If we expect things to get better, we need to question what makes a ‘democracy’. Some steps that came in recent times — the Right to Information Act, declarations of assets by politicians, and gram sabhas — had offered a ray of hope. But the way in which these too can be consistently subverted over time is shocking, to say the least. Governments of varied hues have kept busy whittling away on the powers that the citizens could use through such laws. In Goa, it was the Congress government which gave us an early and impressive Right to Information law, and it was the same party’s government which went about emasculating it by the time it got replaced by a Central law. Other parties have contributed generously to whittling it down.

Even more shocking was the lack of transparency in the ‘electoral bonds’ brought about by the Modi government. It is to be seen whether such steps can be reversed, will attain their much-touted goals, or will simply get worse over time.

The rot at the top reaches the bottom, thanks to the system of patronage at play. Panchayats in Goa know that if they support the ruling dispensation — whichever one — they can do just as they please at the village level.

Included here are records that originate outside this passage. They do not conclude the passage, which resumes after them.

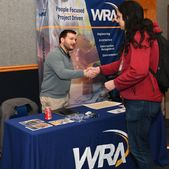 A student and an employer shaking hands at a job fair.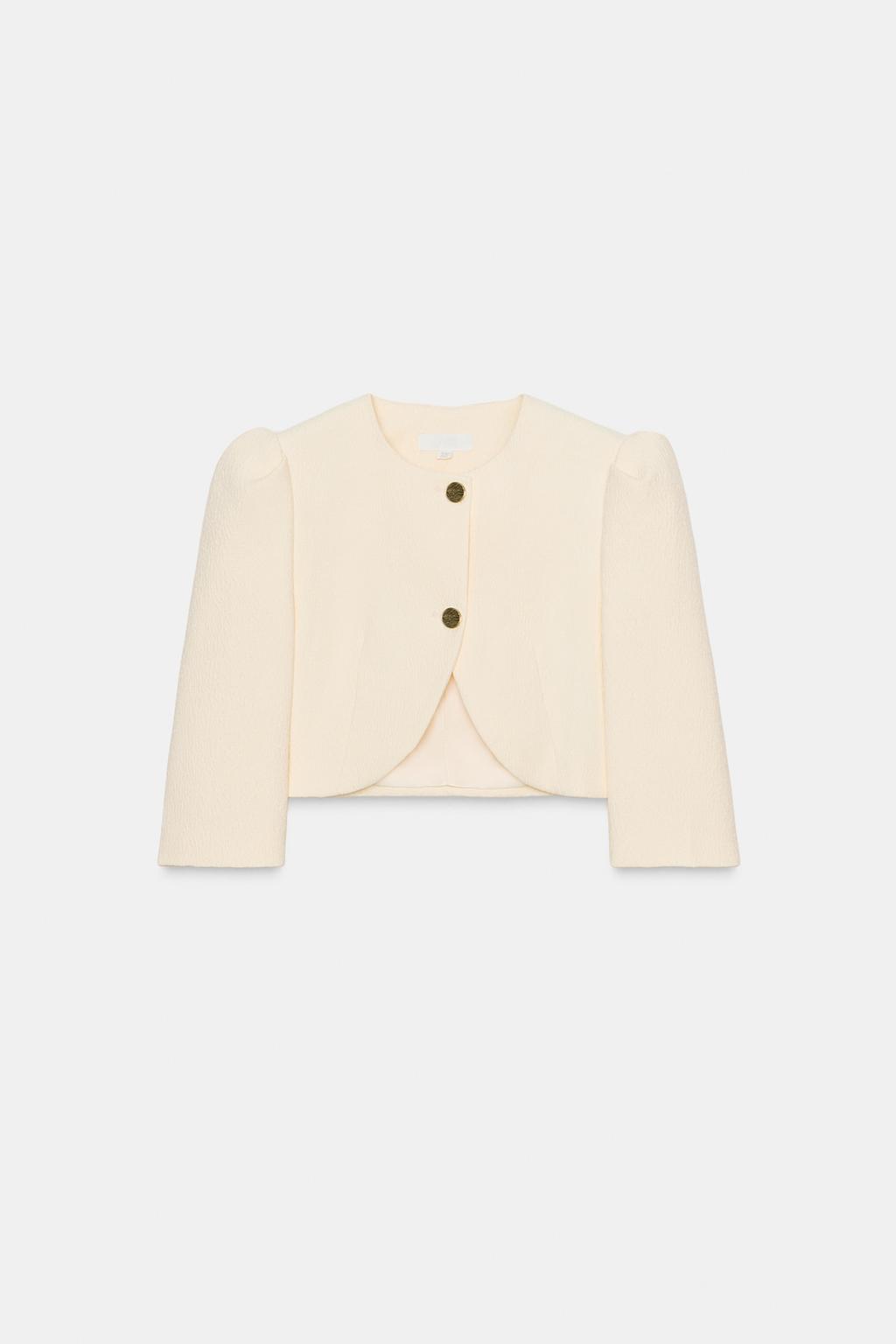 VESTE COURTE À MANCHES BOUFFANTES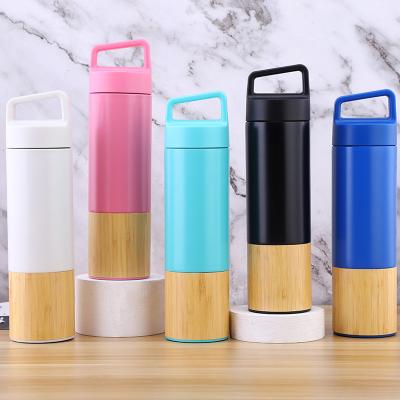 China PORTABLE Reusable Vacuum Quilting Bamboo With Lids 600ML Stainless Steel Water Bottle for sale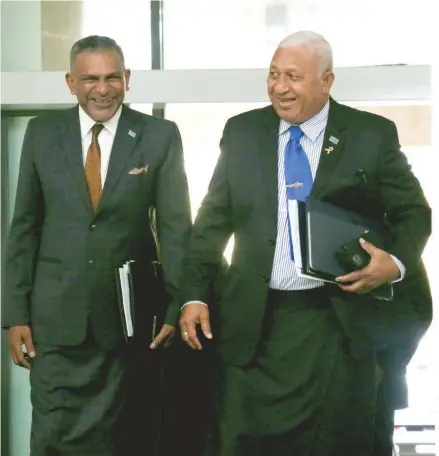  ?? Photo: Kelera Sovasiga ?? Prime Minister Voreqe Bainimaram­a and Minister for Commerce, Trade, Tourism and Transport, Faiyaz Koya outside of Parliament on August 31, 2020.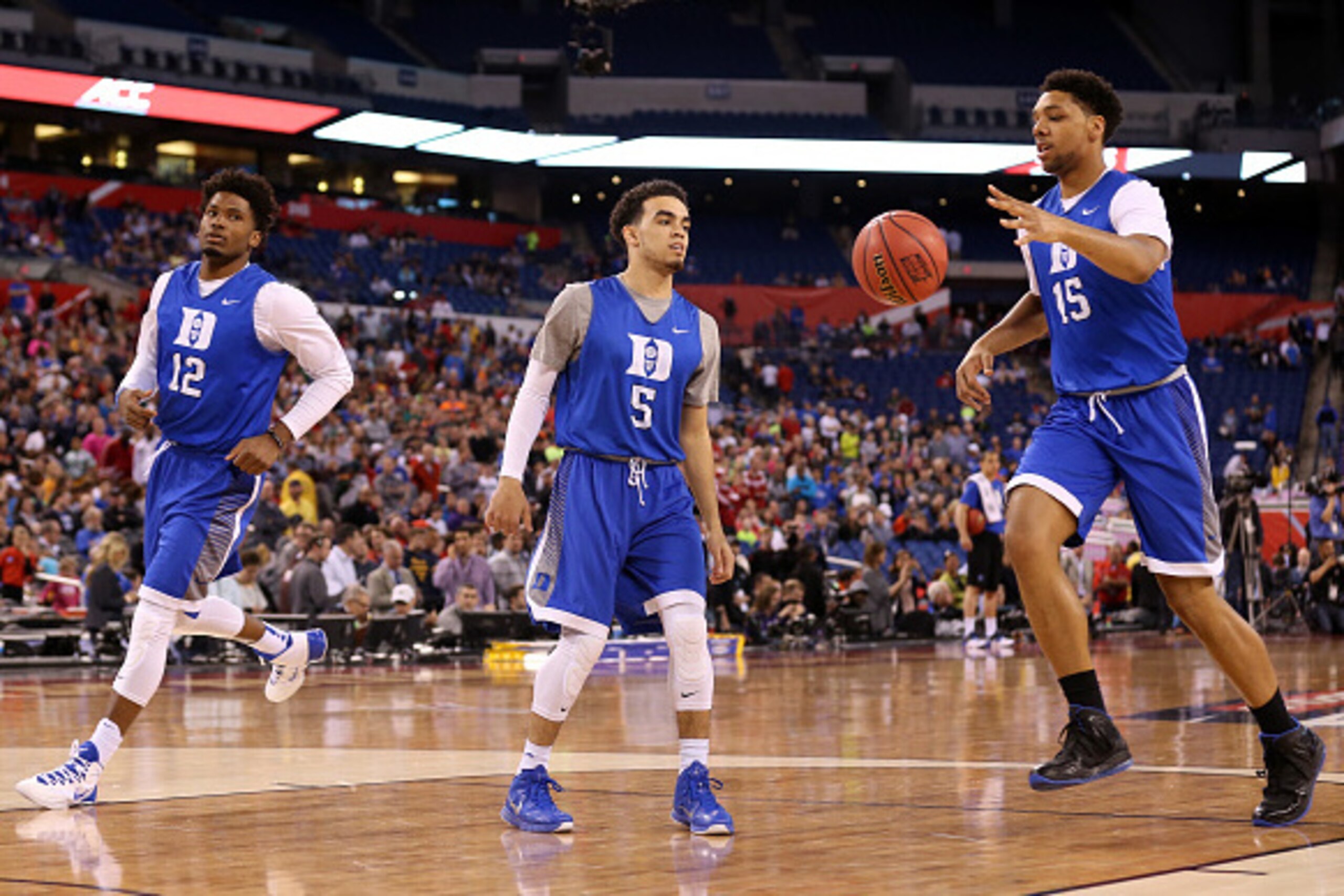 INDIANAPOLIS, IN - APRIL 03: Justise Winslow #12, Tyus Jones #5 and Jahlil Okafor #15 of the Duke Blue Devils handle the ball during practice for the NCAA Men's Final Four at Lucas Oil Stadium on April 3, 2015 in Indianapolis, Indiana.  (Photo by Streeter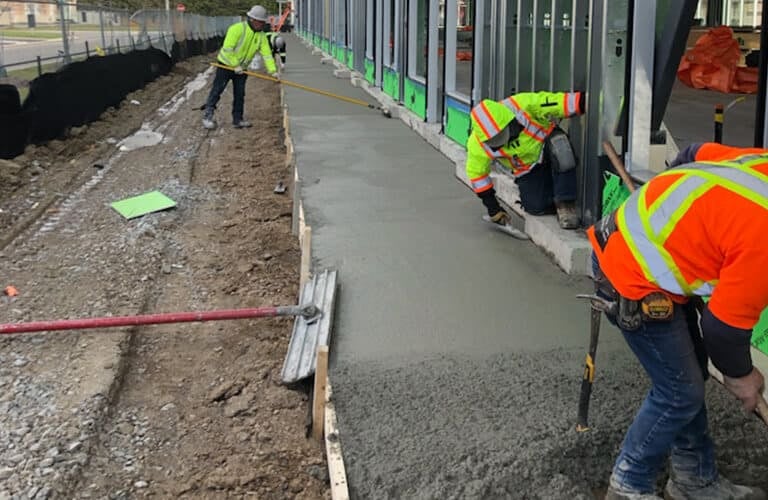 concrete contractors installing stamped concrete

Sometimes, the cure can be worse than the disease. After the spate of defections around the 1980s and 1990s, the anti-defection law came about. This has resulted in a dictatorship of the party in parliament and the assemblies. No elected politician can vote against the party whip; so a Britain-like situation, where some politicians sincerely disagreed against their party-line on Brexit, cannot be envisaged here. Thus, a small coterie can take over even a political party. By the time this is checked, the damage is already done.